Thoughts on a new instruction 
Author Message
 Thoughts on a new instruction

Having done a lot of assembler coding (for code that gets installed
in and runs as part of the VM operating system), I was struck bythe
clumsiness of the CS instruction -- required in a little loop that
takes about four instructions,ending in a test and a conditional
branch, if you need to update (or reliably increment or decrement)
a memory location without fear that another processor might be
doing the same thing.  In 370, of course, to increment a word
(or whatever) of storage, you have to load the old value into a
register, increment the register, then store the value back.  This
is where the potential conflict comes in -- another processor
(or process) might be doing the same thing, and one update might
get lost.

I've always thought that the language should have an INCREMENT
instruction and a DECREMENT instruction.  This would remove the
need to code the multi-line idiom to increment or decrement
critical counters.  Of course, the only parm required would be
the target address.  Decrement could set the CC if the counter
goes to zero, or went negative.  Increment could set the CC
for something.  

Also, the same technique with CS is required to get a lock
(as in HCPLCK), and to reliably add a block of some kind to the
end of a chain (or remove it).  Perhaps we need a single,
hardware-interlocked Load and Store instruction to do this.
I haven't thought this one out yet, but I am sure that the 390
language would be better with INC and DEC.  Any comments?

-- David Walker



Fri, 17 Apr 1998 03:00:00 GMT  
 Thoughts on a new instruction

: A single instruction to atomically update a chain would cause severe
: interlocking of the very fast processor and the relativly slow shared
: main memory.
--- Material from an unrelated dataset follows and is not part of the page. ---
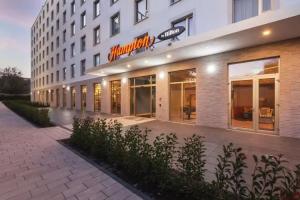 Hampton by Hilton Mini-hotel, Konstanz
This would have a serious performance hit similar to what
: we experienced in MP65 when the only serializing instruction was TS
: (Test and Set).

Why in the world would a single instruction to update a chain cause
any more of a performance hit than CS?  CS and CDS already require
processor serialization, and they update storage.  I don't understand
the difference here.

-- David Walker



Sat, 18 Apr 1998 03:00:00 GMT  
 Thoughts on a new instruction

:  . . . . snap - the text was essentially if CS could be improved by having
: some INC or DEC instruction (non-interruptible). calling for comments.
: .....
: CS is used for much more that just incrementing or decrementing storage values.
: The function is : Replace storage value provided the current value is unchanged
: from a (previously saved) reference value.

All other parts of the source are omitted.